Utilizing medication history pharmacy technicians from the central large teaching hospital, telemedicine and the common electronic health record, a pilot program connected the medication history team from the central campus with the patients in a small regional hospital providing 24 hours a day, seven days a week medication history service.
During the pilot phase of the program, the team was able to show improvements in all metrics identified in the plan phase of the project. Improved quality metrics were observed by a reduced medication history error rate from 11 percent to less than one percent in charts retrospectively audited by rounding pharmacists. Nursing efficiency improved by approximately 10 minutes of time per patient as they were no longer required to complete the medication history and enter the information in the electronic health record. Removing the medication history task from the nurse allowed the practitioner to devote more time to other patient care activities. The nurses reported spending approximately one minute per patient helping transfer the telemedicine hardware into the patient room and facilitating the interview process with the pharmacy technician team. The medication history turnaround time to completion improved from 27 minutes to 20.6 minutes which benefited the provider by having an accurate patient home medication list earlier in the admission process. The pharmacy team also gained efficiencies, reducing the time required to obtain the best possible medication history from 22 minutes to 11.2 minutes. Provider satisfaction improved from a baseline score of 2.1 to 3.32. Refer to Table 1 for a detailed breakdown of the results.

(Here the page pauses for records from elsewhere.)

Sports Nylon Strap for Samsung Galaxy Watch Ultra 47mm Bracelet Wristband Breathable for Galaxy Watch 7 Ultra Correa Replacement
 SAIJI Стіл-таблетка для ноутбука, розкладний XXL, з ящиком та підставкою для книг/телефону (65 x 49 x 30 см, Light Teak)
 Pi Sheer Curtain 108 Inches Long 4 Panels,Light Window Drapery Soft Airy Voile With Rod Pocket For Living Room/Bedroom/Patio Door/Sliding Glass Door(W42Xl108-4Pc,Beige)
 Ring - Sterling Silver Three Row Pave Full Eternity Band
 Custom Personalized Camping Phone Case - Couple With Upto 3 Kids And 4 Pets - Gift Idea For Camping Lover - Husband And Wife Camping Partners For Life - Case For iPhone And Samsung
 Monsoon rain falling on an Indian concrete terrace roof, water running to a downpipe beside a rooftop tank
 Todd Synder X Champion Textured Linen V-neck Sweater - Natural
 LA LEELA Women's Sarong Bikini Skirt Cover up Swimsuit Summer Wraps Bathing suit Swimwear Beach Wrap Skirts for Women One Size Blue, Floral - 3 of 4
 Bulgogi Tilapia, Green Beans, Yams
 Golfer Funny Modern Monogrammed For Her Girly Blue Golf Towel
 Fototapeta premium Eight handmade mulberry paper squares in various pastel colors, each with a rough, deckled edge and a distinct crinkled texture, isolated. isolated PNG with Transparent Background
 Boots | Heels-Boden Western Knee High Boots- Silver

By leveraging these resources between entities, the health system was able to avoid an estimated $200,000 of pharmacy technician labor expense showing the value of system integration. The pilot program has become an established working model for the organization and has fully integrated four hospitals with plans for expansion to three additional hospitals by summer 2019.
Table 1: Pilot Project Metrics
 
Baseline
Goal
30 days
90 days
120 days
Medication history error rate
11%
< 5%
2.6%
1.4%
<1%
Nurse time with medication history process
10 minutes
< 5 minutes
1 minute
1 minute
< 1 minutes
Turnaround time
27 minutes
≤27 minutes
17.8 minutes
26.1 minutes
20.6 minutes
Pharmacy technician completion time
22 minutes
22 minutes
14.1 minutes
13.3 minutes
11.2 minutes
Provider Satisfaction Survey
2.1
> 2.1
3.4
3.31
3.32

References

1. Kwan JL, Lo L, Sampson M, et al. Medication reconciliation during transitions of care as a patient safety strategy: A systematic review. Ann Intern Med. 2013; 158(5_Part_2): 397-403.
2. Hellstrom LM, Bondesson A, Hoglund P et al. Errors in medication history at hospital admission: Prevalence and predicting factors. BMC Clin Pharmacol. 2012; 12(9): 1-9.
3. Meuller SK, Sponsler KC, Kripalani, S, et al. Hospital-based medication reconciliation practices: A systematic review. Arch Intern Med. 2012; 172(14): 1057-69.